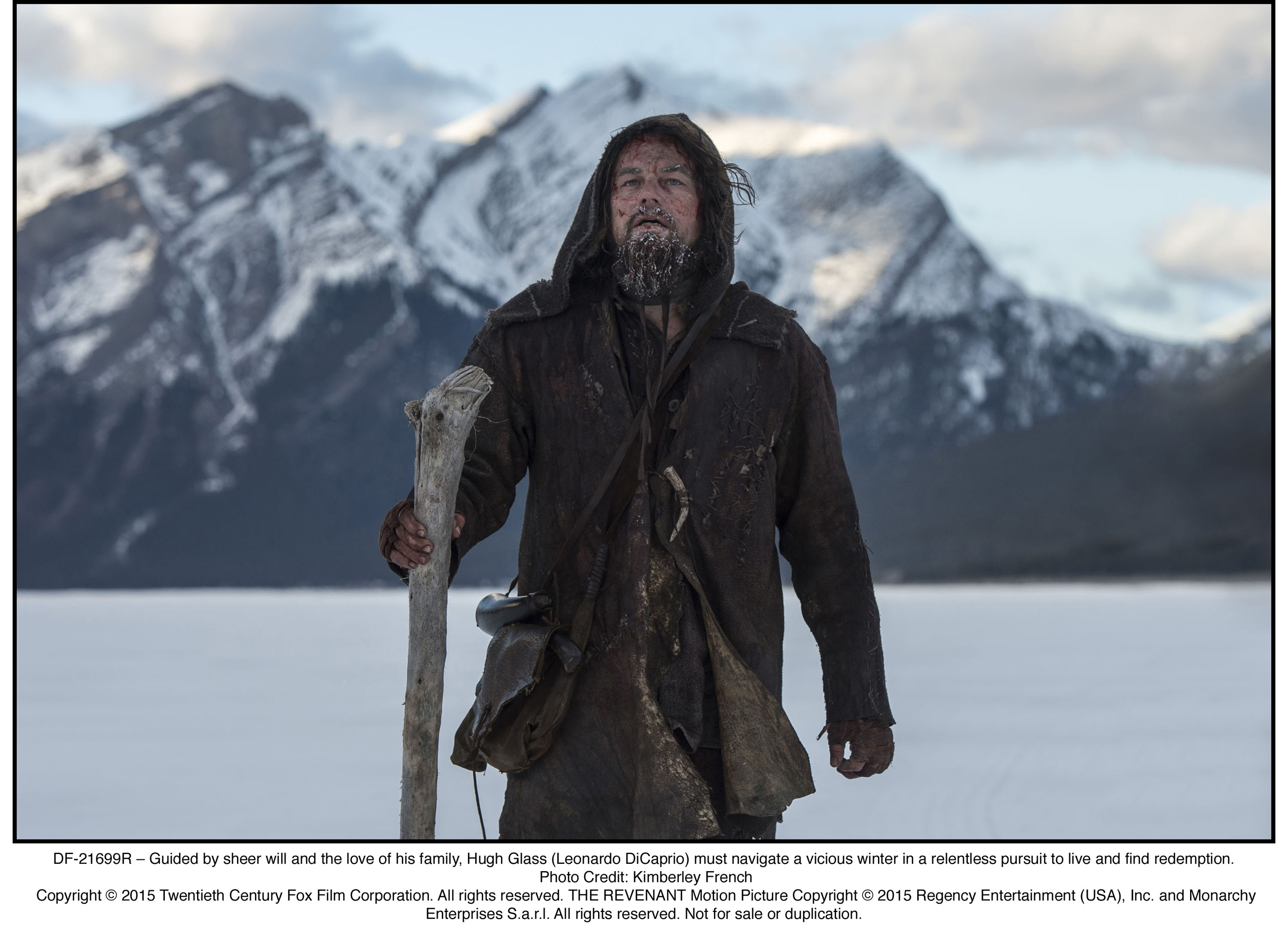 From Jack Dawson to Hugh Glass: Is Leonardo DiCaprio set for... - WSB-TV  Channel 2 - Atlanta, image size:3000x2166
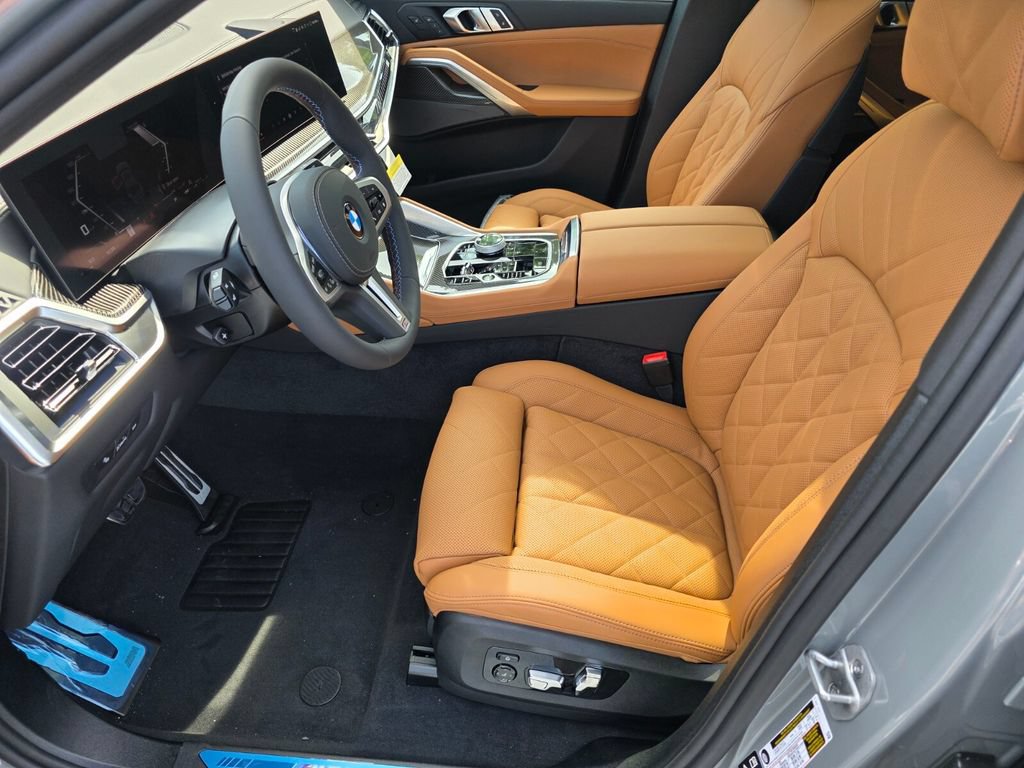 New 2027 BMW X6 M60i w/ Executive Package AWD/4WD image 7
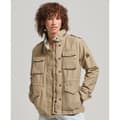 Miniatyrbillede 1 af 6: Superdry Jakke Vintage M65 Brun M Kvinde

▸ **WORK REQUEST**
Give every line of the listing above again, exactly, with no images.

▸ **OUTPUT BELOW**
 From Jack Dawson to Hugh Glass: Is Leonardo DiCaprio set for... - WSB-TV  Channel 2 - Atlanta, image size:3000x2166
 New 2027 BMW X6 M60i w/ Executive Package AWD/4WD image 7
 Miniatyrbillede 1 af 6: Superdry Jakke Vintage M65 Brun M Kvinde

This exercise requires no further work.